Барби кивнул. Казалось, что вся больница заполнена только воплями Джорджии.
— Расти вколол ей морфин, но она долго не могла выключиться. У неё организм, как у лошади.
— А мозг аллигатора, — добавила Джинни своим беспомощным голосом. — Я никому бы не пожелала такого, как случилось с ней, но всё равно это к чёрту хороший пример возврата кармы. Сколько я уже здесь? Мои часы разбились к чёрту.
Барби взглянул на свои.
— Сейчас четырнадцать тридцать. И я думаю, ты где-то на пять с половиной часов уже приблизилась к выздоровлению.
Резко крутнувшись, он услышал, как у него хрустнуло в спине, а потом немного попустило. Барби решил, что Том Петти был прав: ожидание — это самая тяжёлая вещь[293]. Он предполагал, что, оказавшись в камере, будет чувствовать себя легче. Если вообще останется живым. Вдруг мозг ему пронзила мысль, что быть застреленным за сопротивление во время ареста — возможно, самый лучший для него выход.
— О чём ты думаешь, что так улыбаешься? — спросила она.
— Ни о чём, — он уже держал в руке пинцет. — А теперь лежи тихо, пока я буду заниматься деликатным делом. Раньше начнём — раньше закончим.
— Мне нужно встать и включиться в работу.
— Если попробуешь, твоё включение моментально завершится падением на пол.
Она обратила внимание на пинцет:
— Ты хорошо знаешь, что собираешься с этим делать?
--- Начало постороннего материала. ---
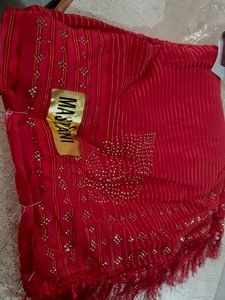 Beautiful Stone Designer Red Saree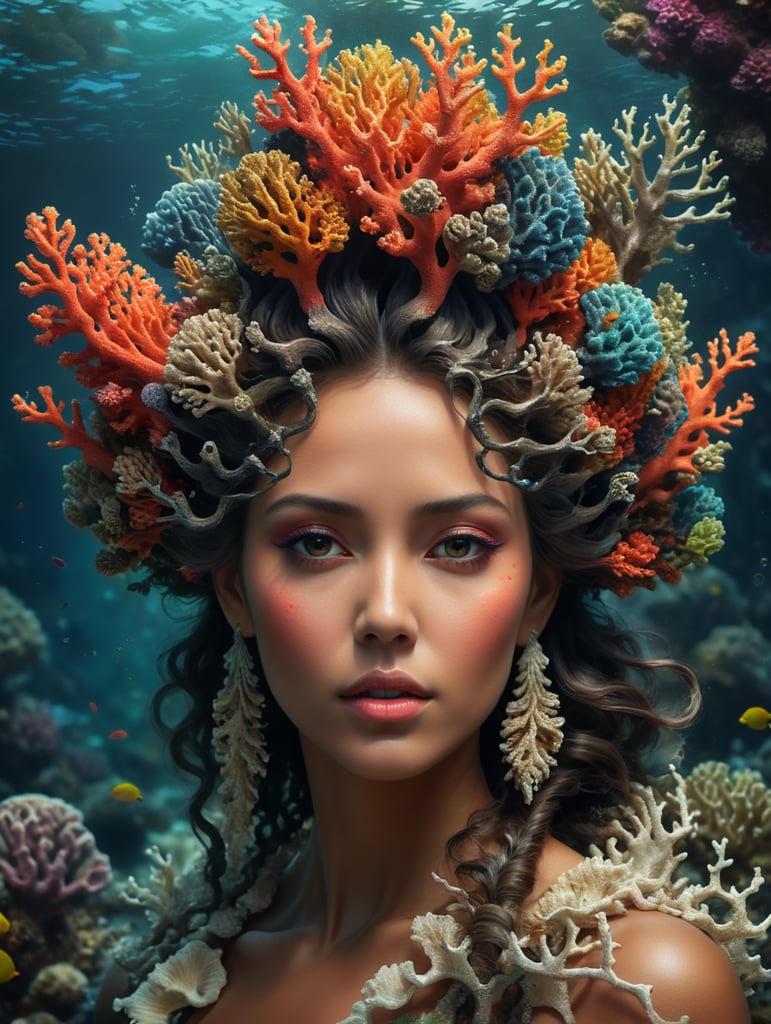 WS,an image of a woman with corals in her hair, in the style of mixes realistic and fantastical elements,fashion Deep V clothing, 4k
— Ещё бы. Я когда-то завоевал золотую медаль на Олимпиаде по выниманию стекла.
— У тебя коэффициент болтания ерунды ещё более высокий, чем у моего бывшего мужа, — она уже потихоньку улыбалась.
Барби догадывался, как ей больно, даже с обезболивающим в крови, и ему нравилась её выдержка.
— Ты же не собираешься оказаться тем медиком, который, оказавшись в роли пациента, тут же превращается в тирана? — спросил он её.
— Таким был доктор Гаскелл. Он как-то загнал себе занозу под ноготь большого пальца, а когда Расти предложил ему её вытянуть, Чудотворец сказал, что доверится только специалисту, — рассмеялась она, но тут же вздрогнула и застонала.
— Если тебя это хоть немного утешит, скажу, что коп, который тебя ударил, получил камнем в голову.
— Снова-таки, карма. А он уже на ногах?
— Да.
Мэл Ширлз ещё два часа назад на своих ногах вышел из больницы с перевязанной головой.
Когда Барби наклонился к ней с пинцетом, она инстинктивно отвернула голову. Он возвратил её на место, нажав рукой — очень деликатно — на неё менее распухшую щеку.
— Я понимаю, тебе нужно, — произнесла она. — Просто я, словно ребёнок, когда дело касается глаз.
— Принимая во внимание то, как сильно он тебя ударил, тебе ещё повезло, что стекло застряло вокруг глаз, а не попало в них.